11.9. Tables

All data in the application framework is associated with a Table. Fundamentally, a Table is a Django model instance that defines the columns and attributes. In many senses that Table definition is similar to a SQL TABLE construct.

11.9.1. Overview

Tables are defined as part of report configuration source files. All tables are defined by instantiating a subclass of DatasourceTable that is specific to a particular data source.

Defining tables involves the following definitions:

Tables

Tables are the fundamental mechanism for defining the data that is to collected. Each table is a specific to a data source and is tied to a function in that data source to generate data based on the table’s columns as well as any static and dynamic criteria.

Columns

A table is fundamentally a two dimensional construct of rows and columns. The report configuration source file defines the columns associated with a table. The column binds a label and data type to data source specific fields that the table query function uses to populate data.
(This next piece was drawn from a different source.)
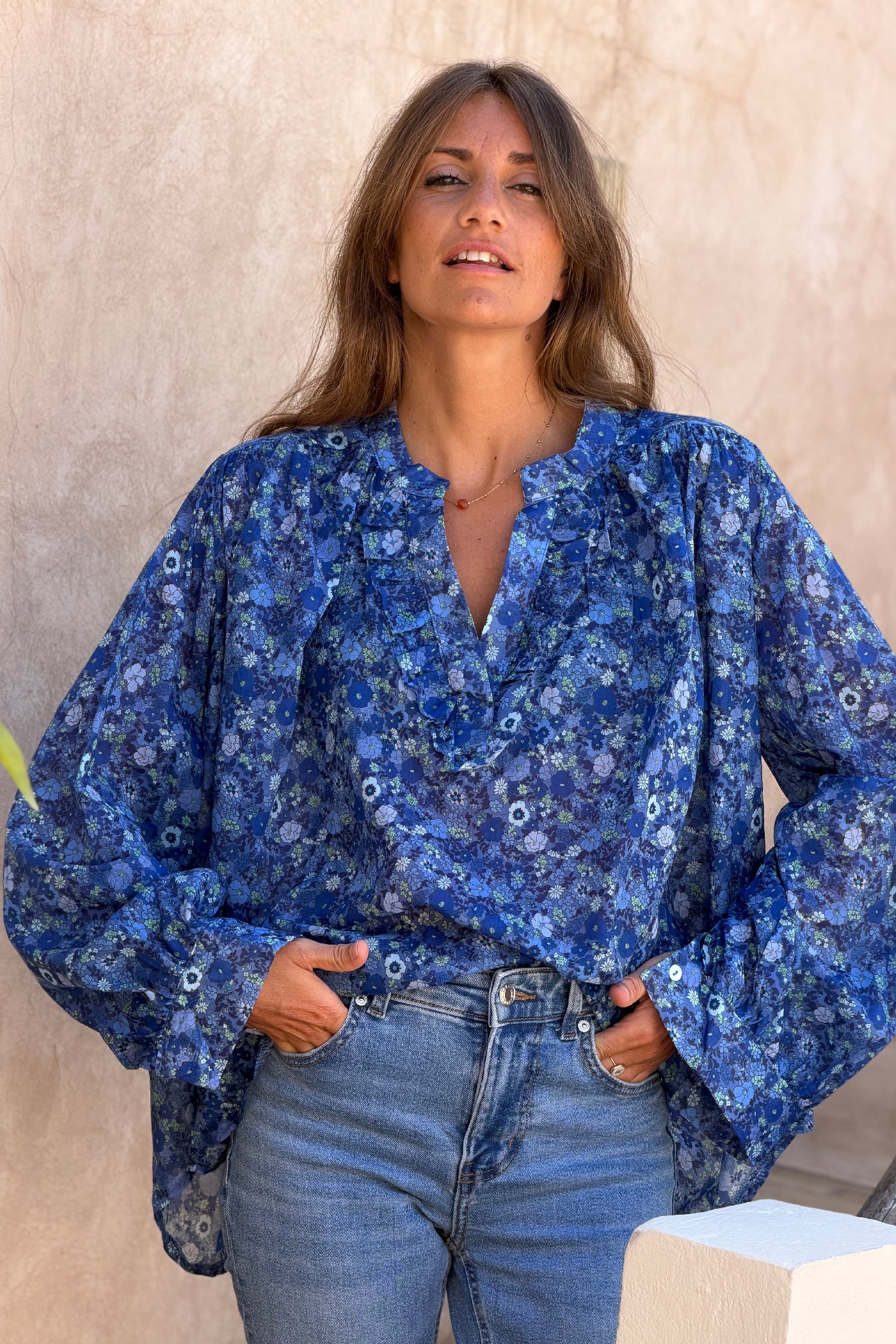 Cobalt Floral Explosion Ruffled Peasant Blouse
Similar to a SQL table, some columns are key columns, the rest are data or metrics columns.

Table Fields

Table fields define the required and optional criteria associated with a table. Each data source can define a set of table fields that are required or optional for each type of table

Note that while tables are defined in the context of a report configuration source file, tables are only loosely coupled with a report via widgets. In fact, it is possible to run tables at the command line without running an entire report.

11.9.1.1. Sample Table Definition

The following table is taken from the Wave sample plugin:

import steelscript.wave.appfwk.datasources.wave_source as wave

# Define a waves table with 3 separate waves.
table = wave.WaveTable.create(
    name='wave-table', duration='15min', resolution='1s', beta=4)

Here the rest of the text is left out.